Pictures aside, print all of the data below exactly as written.

- Recorded information
##############################
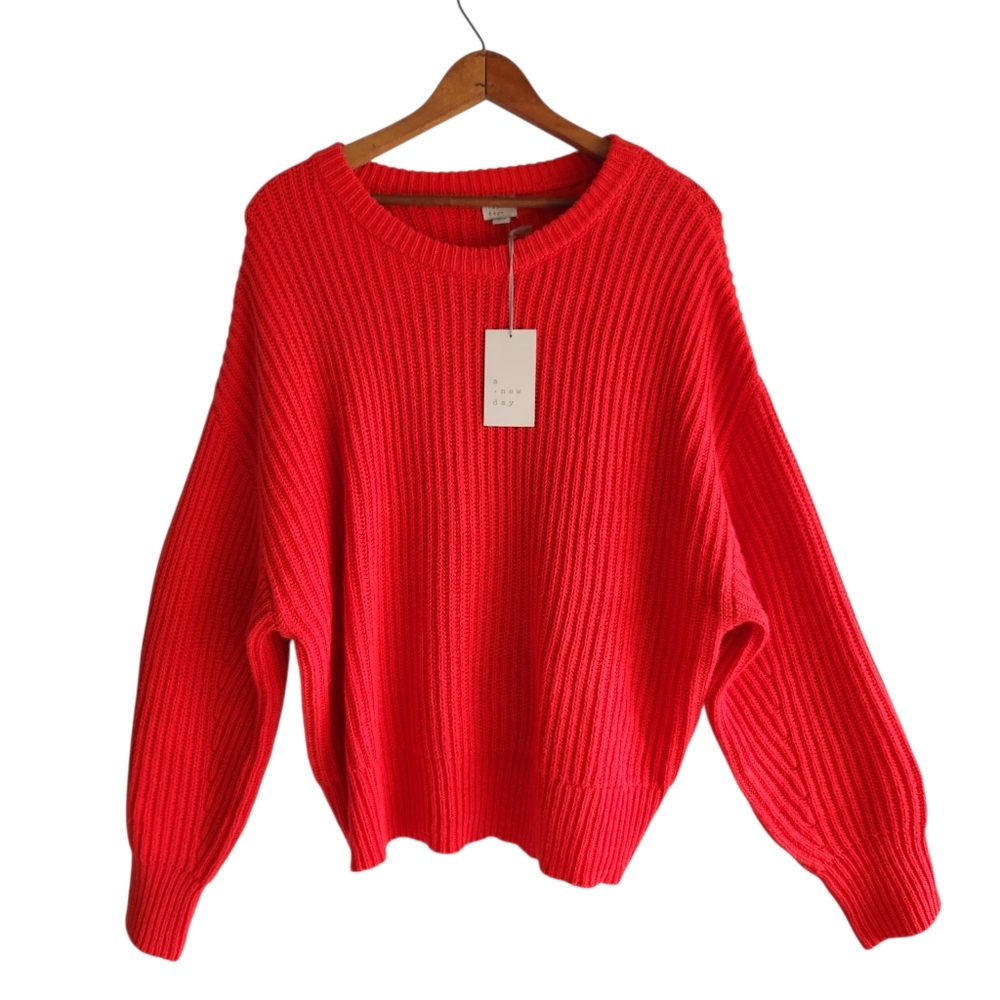 A New Day Red Ribbed Knit Chunky Crew Neck Long Sleeve Sweater Size XL NWT
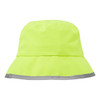A bright yellow waterproof bucket hat with a grey reflective strip around the brim and a logo on the front.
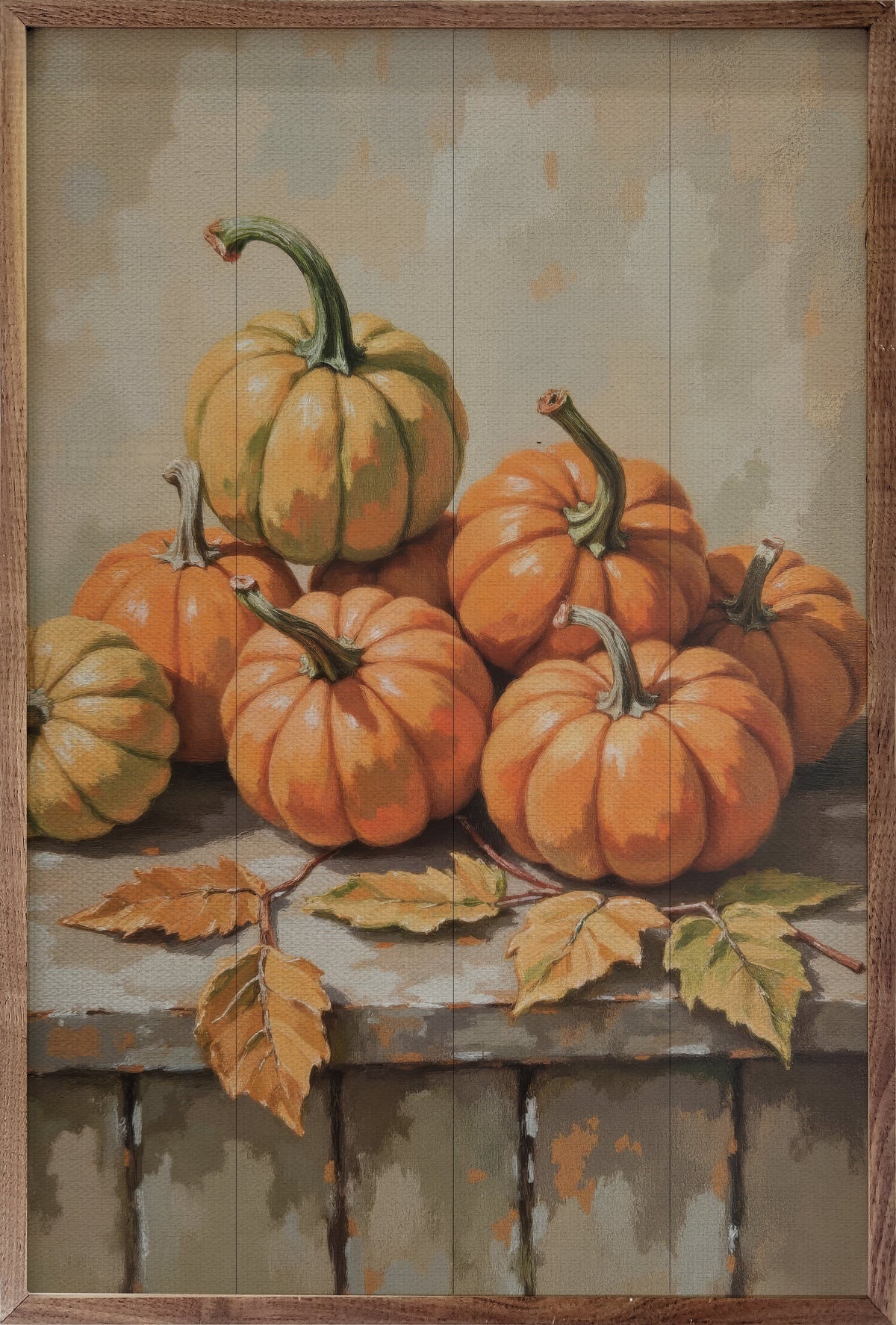 Small Pumpkin With Beech Branch Printed and Framed Wall Sign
##############################
- Task output
 A New Day Red Ribbed Knit Chunky Crew Neck Long Sleeve Sweater Size XL NWT
A bright yellow waterproof bucket hat with a grey reflective strip around the brim and a logo on the front.
 Small Pumpkin With Beech Branch Printed and Framed Wall Sign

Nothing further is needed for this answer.